Captioned web images:
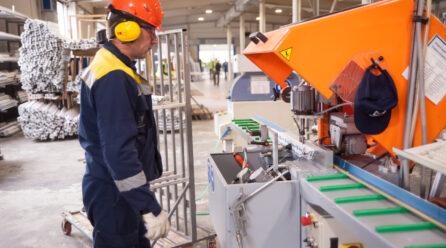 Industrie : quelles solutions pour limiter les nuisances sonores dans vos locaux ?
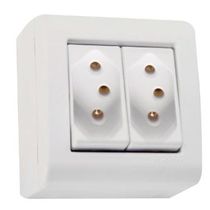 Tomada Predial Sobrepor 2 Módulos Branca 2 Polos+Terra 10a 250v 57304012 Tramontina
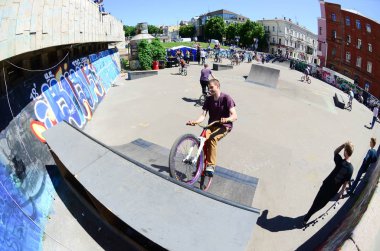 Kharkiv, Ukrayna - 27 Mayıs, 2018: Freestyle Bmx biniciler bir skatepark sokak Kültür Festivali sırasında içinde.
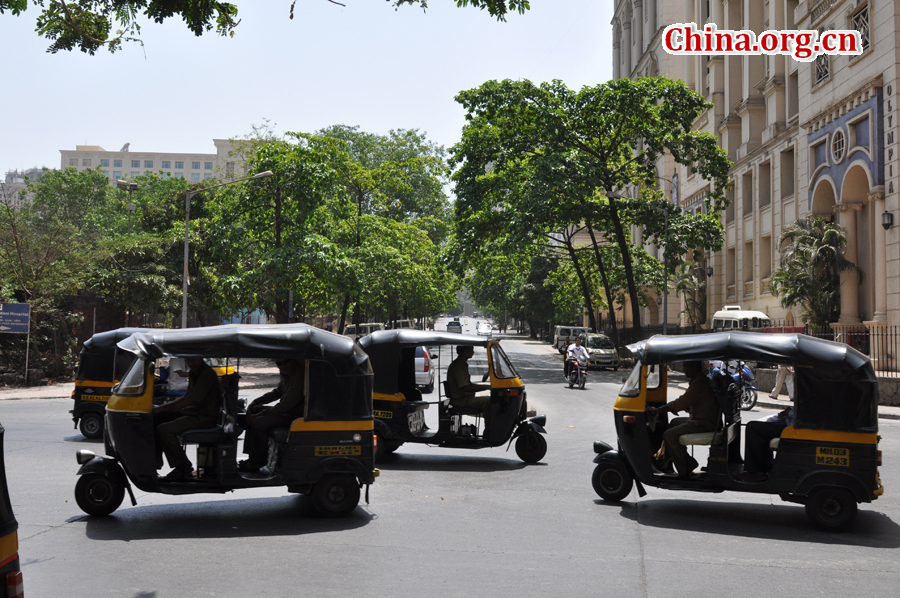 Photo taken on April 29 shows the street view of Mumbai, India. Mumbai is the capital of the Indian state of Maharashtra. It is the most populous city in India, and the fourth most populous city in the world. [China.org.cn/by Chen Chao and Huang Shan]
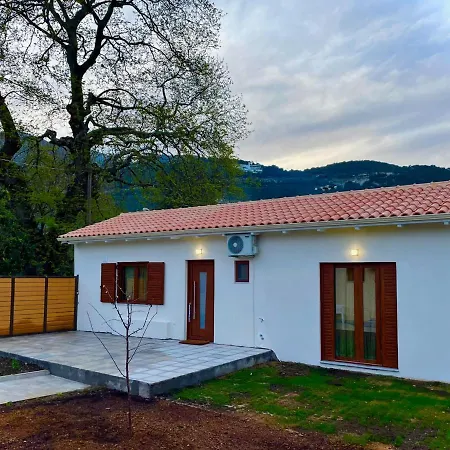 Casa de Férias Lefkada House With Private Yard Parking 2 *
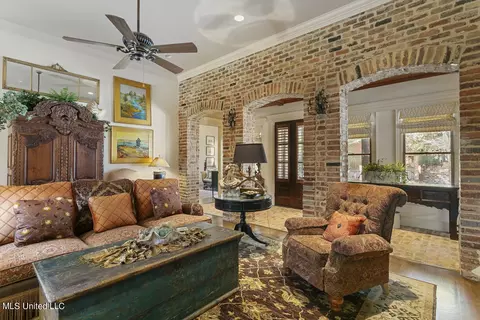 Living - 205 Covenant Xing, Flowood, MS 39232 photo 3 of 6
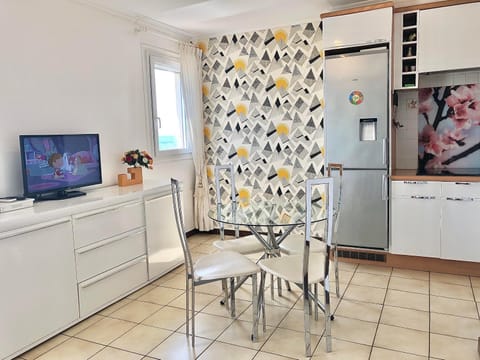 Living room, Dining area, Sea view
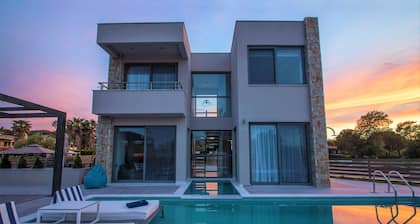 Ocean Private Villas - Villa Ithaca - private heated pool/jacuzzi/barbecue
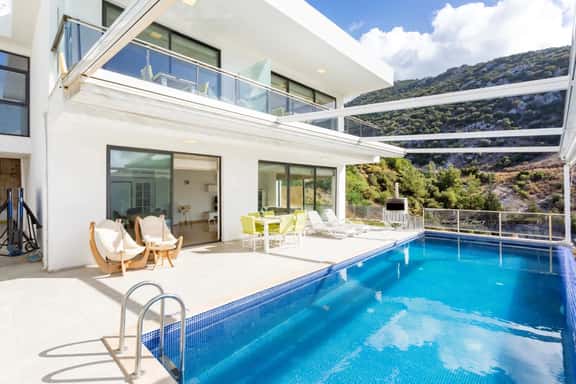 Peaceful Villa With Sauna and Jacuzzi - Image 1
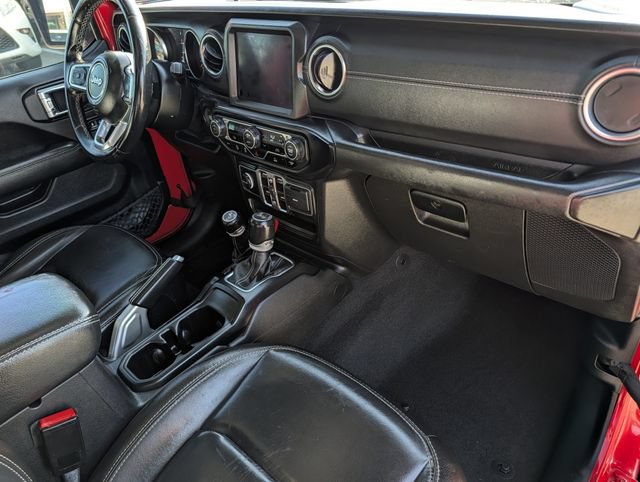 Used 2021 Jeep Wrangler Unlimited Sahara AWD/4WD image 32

# TASK DETAILS
Your copy of the entries above must be exact and must not include pictures.

# ANSWER SECTION
 Industrie : quelles solutions pour limiter les nuisances sonores dans vos locaux ?
 Tomada Predial Sobrepor 2 Módulos Branca 2 Polos+Terra 10a 250v 57304012 Tramontina
 Kharkiv, Ukrayna - 27 Mayıs, 2018: Freestyle Bmx biniciler bir skatepark sokak Kültür Festivali sırasında içinde.
 Photo taken on April 29 shows the street view of Mumbai, India. Mumbai is the capital of the Indian state of Maharashtra. It is the most populous city in India, and the fourth most populous city in the world. [China.org.cn/by Chen Chao and Huang Shan]
 Casa de Férias Lefkada House With Private Yard Parking 2 *
 Living - 205 Covenant Xing, Flowood, MS 39232 photo 3 of 6
 Living room, Dining area, Sea view
 Ocean Private Villas - Villa Ithaca - private heated pool/jacuzzi/barbecue
 Peaceful Villa With Sauna and Jacuzzi - Image 1
 Used 2021 Jeep Wrangler Unlimited Sahara AWD/4WD image 32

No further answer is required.